Below, there is a patch to fix it.
Regards.
--- linux-2.6.21.3.orig/net/bridge/br_netfilter.c 2007-05-25 09:56:15.000000000 +0200
+++ linux-2.6.21.3/net/bridge/br_netfilter.c 2007-05-25 10:11:42.000000000 +0200
@@ -731,7 +731,7 @@
static int br_nf_dev_queue_xmit(struct sk_buff *skb)
{
- if (skb->protocol == htons(ETH_P_IP) &&
+ if ((skb->protocol == htons(ETH_P_IP) || IS_VLAN_IP(skb)) &&
skb->len > skb->dev->mtu &&
!skb_is_gso(skb))
return ip_fragment(skb, br_dev_queue_push_xmit);
On Fri, 25 May 2007 10:17:50 +0200
Adam Osuchowski <[email protected]> wrote:
> There is a problem with fragmented IP packet sent within 802.1Q tagged
> ethernet frame through bridge. Problem exists when conntrack is enabled
> (i.e. nf_conntrack_ipv4 module is loaded). Then, such packets are not
> fragmented again (after prior reassembling on bridge device) during
> passing it to bridge enslaved NIC. It cause MTU exceeding and as a result
> dropping packet.
>
> Problem exists from kernel version 2.6.17 to 2.6.21.3 inclusive.
>
> Below, there is a patch to fix it.
>
> Regards.
>
>
> --- linux-2.6.21.3.orig/net/bridge/br_netfilter.c 2007-05-25 09:56:15.000000000 +0200
> +++ linux-2.6.21.3/net/bridge/br_netfilter.c 2007-05-25 10:11:42.000000000 +0200
> @@ -731,7 +731,7 @@
>
> static int br_nf_dev_queue_xmit(struct sk_buff *skb)
> {
> - if (skb->protocol == htons(ETH_P_IP) &&
> + if ((skb->protocol == htons(ETH_P_IP) || IS_VLAN_IP(skb)) &&
> skb->len > skb->dev->mtu &&
> !skb_is_gso(skb))
> return ip_fragment(skb, br_dev_queue_push_xmit);
It would be better to account for the tag in the length check.
Something like
if (skb->protocol == htons(ETH_P_IP) &&
skb->len > skb->dev->mtu - (IS_VLAN_IP(skb) ? VLAN_HLEN : 0) &&
!skb_is_gso(skb))
return ip_fragment ...
--
Stephen Hemminger <[email protected]>
Stephen Hemminger wrote:
> It would be better to account for the tag in the length check.
> Something like
> if (skb->protocol == htons(ETH_P_IP) &&
> skb->len > skb->dev->mtu - (IS_VLAN_IP(skb) ? VLAN_HLEN : 0) &&
> !skb_is_gso(skb))
> return ip_fragment ...
It isn't good solution because one of IS_VLAN_IP() necessary condition is
skb->protocol == htons(ETH_P_8021Q)
which is, of course, mutually exclusive with
skb->protocol == htons(ETH_P_IP)
from br_nf_dev_queue_xmit().

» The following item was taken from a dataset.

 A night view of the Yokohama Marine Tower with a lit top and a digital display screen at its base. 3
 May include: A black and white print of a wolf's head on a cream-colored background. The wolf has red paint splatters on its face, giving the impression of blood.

IMHO, one should check length of ETH_P_IP
and ETH_P_8021Q frames separately:
if (((skb->protocol == htons(ETH_P_IP) && skb->len > skb->dev->mtu) ||
(IS_VLAN_IP(skb) && skb->len > skb->dev->mtu - VLAN_HLEN)) &&
!skb_is_gso(skb))
return ip_fragment ...
Adam Osuchowski wrote:
> Stephen Hemminger wrote:
>
>>It would be better to account for the tag in the length check.
>>Something like
>> if (skb->protocol == htons(ETH_P_IP) &&
>> skb->len > skb->dev->mtu - (IS_VLAN_IP(skb) ? VLAN_HLEN : 0) &&
>> !skb_is_gso(skb))
>> return ip_fragment ...
>
>
> It isn't good solution because one of IS_VLAN_IP() necessary condition is
>
> skb->protocol == htons(ETH_P_8021Q)
>
> which is, of course, mutually exclusive with
>
> skb->protocol == htons(ETH_P_IP)
>
> from br_nf_dev_queue_xmit(). IMHO, one should check length of ETH_P_IP
> and ETH_P_8021Q frames separately:
>
> if (((skb->protocol == htons(ETH_P_IP) && skb->len > skb->dev->mtu) ||
> (IS_VLAN_IP(skb) && skb->len > skb->dev->mtu - VLAN_HLEN)) &&
> !skb_is_gso(skb))
> return ip_fragment ...
net/8021q ignores the VLAN header overhead, so we should probably do the
same here for consistency. Using IS_VLAN_IP (and IS_PPPOE_IP for current
-rc) looks fine, additionally we should probably also check for
skb->nfct != NULL to make sure that at least without connection tracking
the bridge doesn't perform fragmentation.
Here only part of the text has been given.